It is easy to forget a sweet dream, but a frightening nightmare can last a lifetime. Have you ever stopped to think that maybe your nightmares are a gift in disguise? Finding that hidden nugget of gold they are trying to tell us can often stop the nightmare forever. If you have had a nightmare that was so horrific you were afraid to go back to sleep, good for you! Nagging nightmares do not terrorize us for fun; they actually have a positive purpose.

According to Harvard University Psychologist Deirdre Barrett, PhD, if nightmares weren’t helpful to our survival, they probably would have faded away with evolution. Barrett theorizes that nightmares act as the brain’s way of focusing attention on issues that need to be addressed.1

A nightmare may be a call to action to revisit a painful childhood incident so you can heal, or even help you overcome a current challenging situation. This makes your dream world the perfect opportunity to try out new solutions to an old problem. Or, the frightening emotion with which you awake could be a piece of something bigger, such as a future occurrence. 
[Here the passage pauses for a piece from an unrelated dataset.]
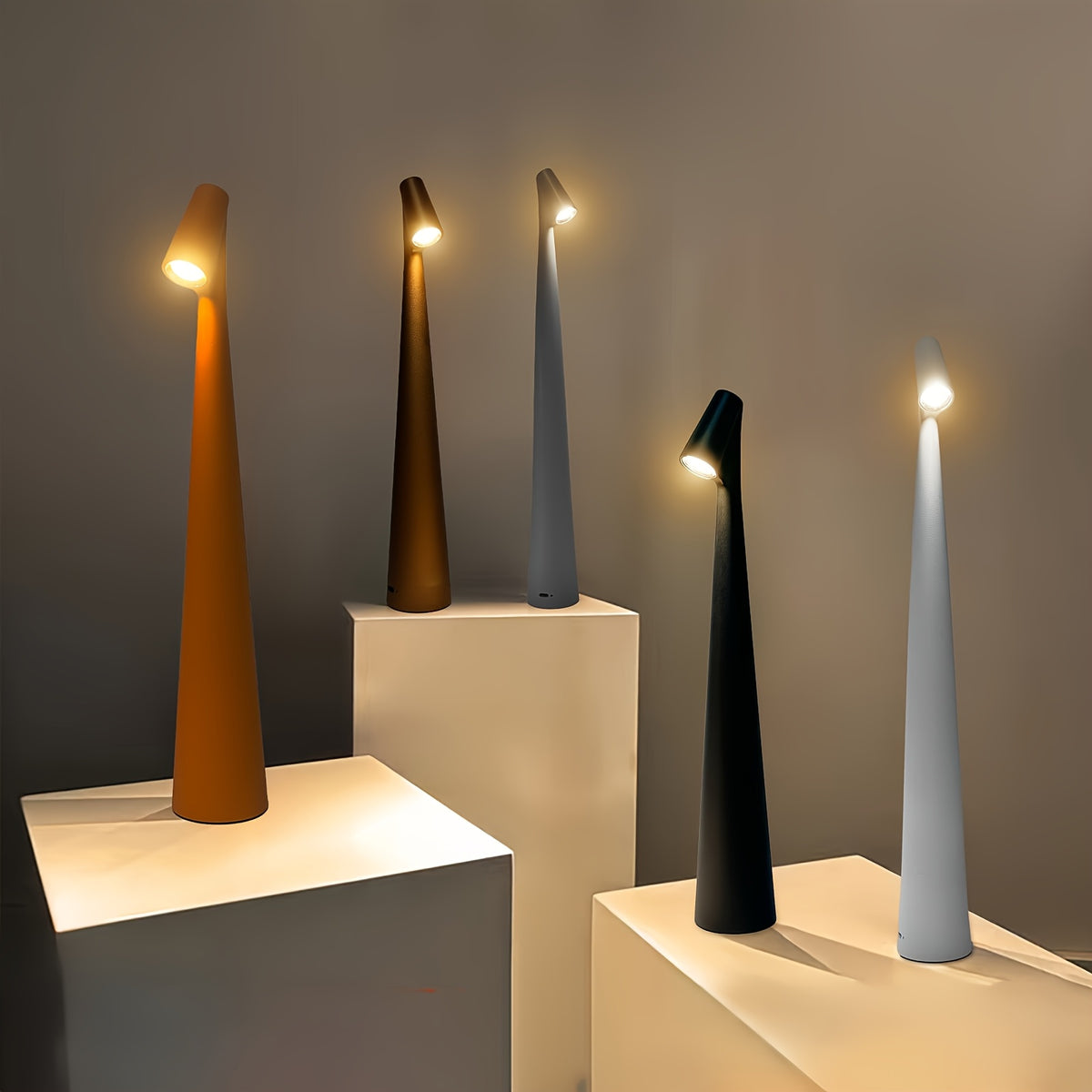 Une lampe sculpturale pour bureau, chevet et dîner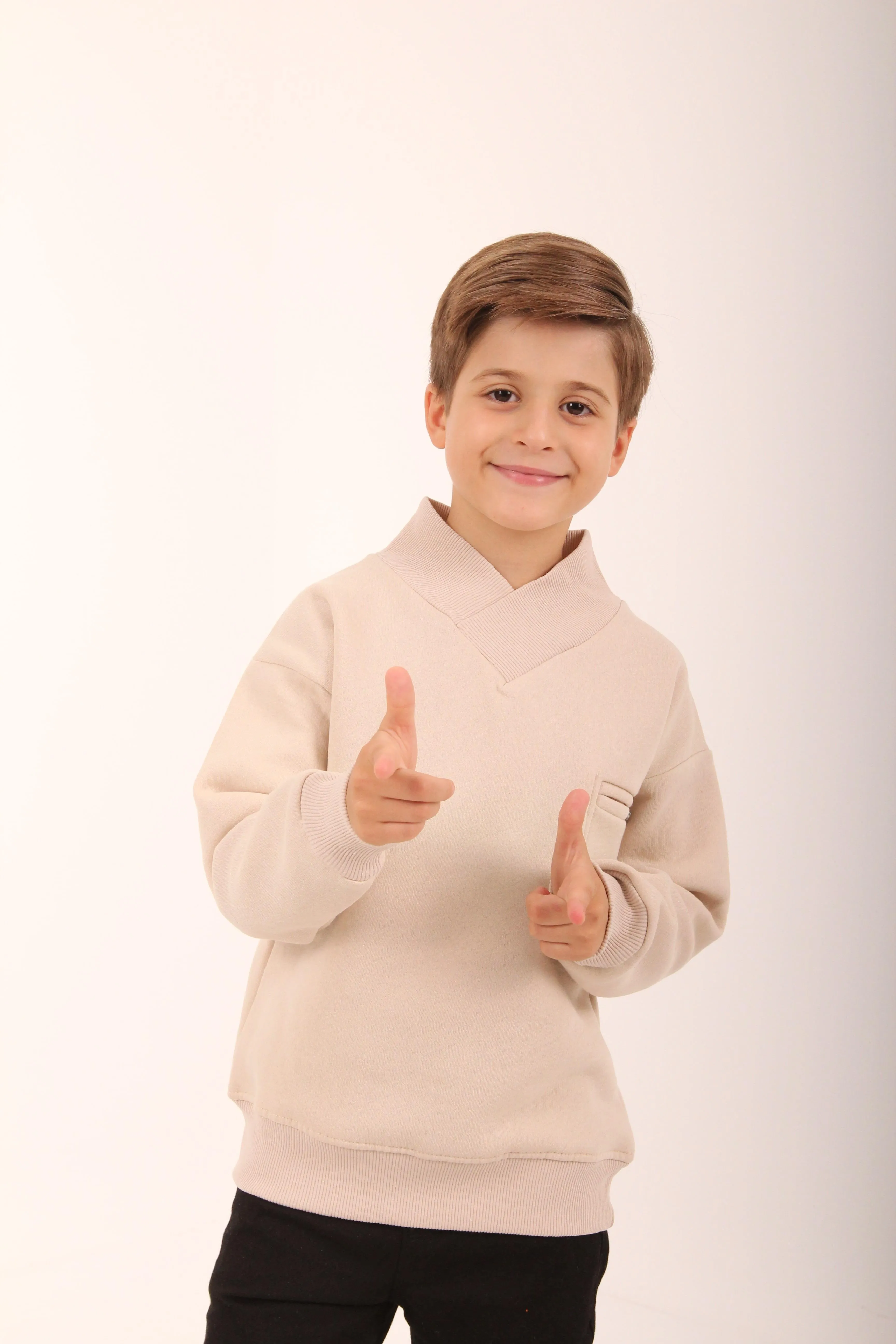 cep detayli içi polarli erkek çocuk sweatshirt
A Latin proverb dating from the 16th century says ‘praemonitus, praemunitus,’ which loosely translates as ‘forewarned is forearmed.’2 Might our nightmares be arming us? Could this be our gift in disguise? The key to help us find solutions is to remember the details between our many nightly dreams. 

We shift in and out of our dream doors approximately four to six times during the night.3 Between our dream cycles, in the deep sleep level of REM (rapid eye movement), we can experience our most significant nightmares. But what is the reason for a nightmare so disturbing that it wakes us in the middle of the night? 

Nightmares have three essential purposes: They get our attention using fear because fear works. Then they keep our attention by making the experience unforgettable, thereby gifting us important information for our waking world. Lastly, their dream guidance could be a call-to-action with specific verbal directions, thus, the golden nugget. 

Nightmares can guide us to making a positive change in our lives, like reminding us of a vital childhood event, so we don’t make the same painful mistake as an adult. All our life challenges, no matter how sad, were – and still are – learning experiences. 

Bad dreams can be personal gifts from your inner-self that benefit your waking life. Embrace your nightmare’s gifts in disguise, decipher its meaning and message, follow the call to action, and thank your dreams for the opportunity to use this seemingly fearful information to live a more joyful life.